# 60X Custom Strings is hiring



## 60X (Nov 8, 2002)

Due to rapid expansion 60X Custom Strings is looking to add to our growing staff. This position will be hands on building bowstrings for the archery industry using our specialized process and machines. The job is fast paced and requires high attention to detail with quality being the #1 priority. Archery experience or knowledge is helpful but not 100% necessary. You can visit our website at www.60XCustomStrings.com to get a little idea about us and our products.
Ideal applicant will:

*good working with your hands
* able to read a ruler down to 1/64"
*able to work with fractions and decimals
* have common sense
*think and work independently
*have general math skills and able to use formulas
*pass background and drug test

Full and part time positions available. Starting salary $9-$18/hr based on output with room for fast advancement.
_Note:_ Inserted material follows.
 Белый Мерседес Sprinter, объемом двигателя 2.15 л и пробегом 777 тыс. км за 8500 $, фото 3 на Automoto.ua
Resumes can be accepted at [email protected]


----------



## 60X (Nov 8, 2002)

still accepting resumes


----------



## 60X (Nov 8, 2002)

Always looking for hard workers


----------



## DarMadness (Jun 21, 2014)

i am great with my hands and have been in construction for many years. i want to learn how to make bowstrings and so i am wondering where i could do this from assuming canada toronto wont be an option


----------



## bradley.spe.733 (Aug 24, 2014)

Do I have to move somewhere or could I do it at my house?


----------



## 60X (Nov 8, 2002)

these are in house positions at our Cowansville, Pa facility


----------



## Msbowhunter18 (Oct 21, 2012)

Could you do this from your house?


----------



## 60X (Nov 8, 2002)

This cannot be done from home unless you have your own layup and serving machines. :wink:


----------



## shooter74 (Jul 7, 2005)

for 9 to 18 a hour that not close just to pick up and move over there good luck fining someone maybe you should fine someone around there...


----------



## HerbieJ (Oct 6, 2014)

shooter74 said:


> for 9 to 18 a hour that not close just to pick up and move over there good luck fining someone maybe you should fine someone around there...


Good thing there is people from PA on this board.....


----------



## TexasLiberty (Dec 8, 2013)

I'm thinking that some people should pay closer attention in English class.


----------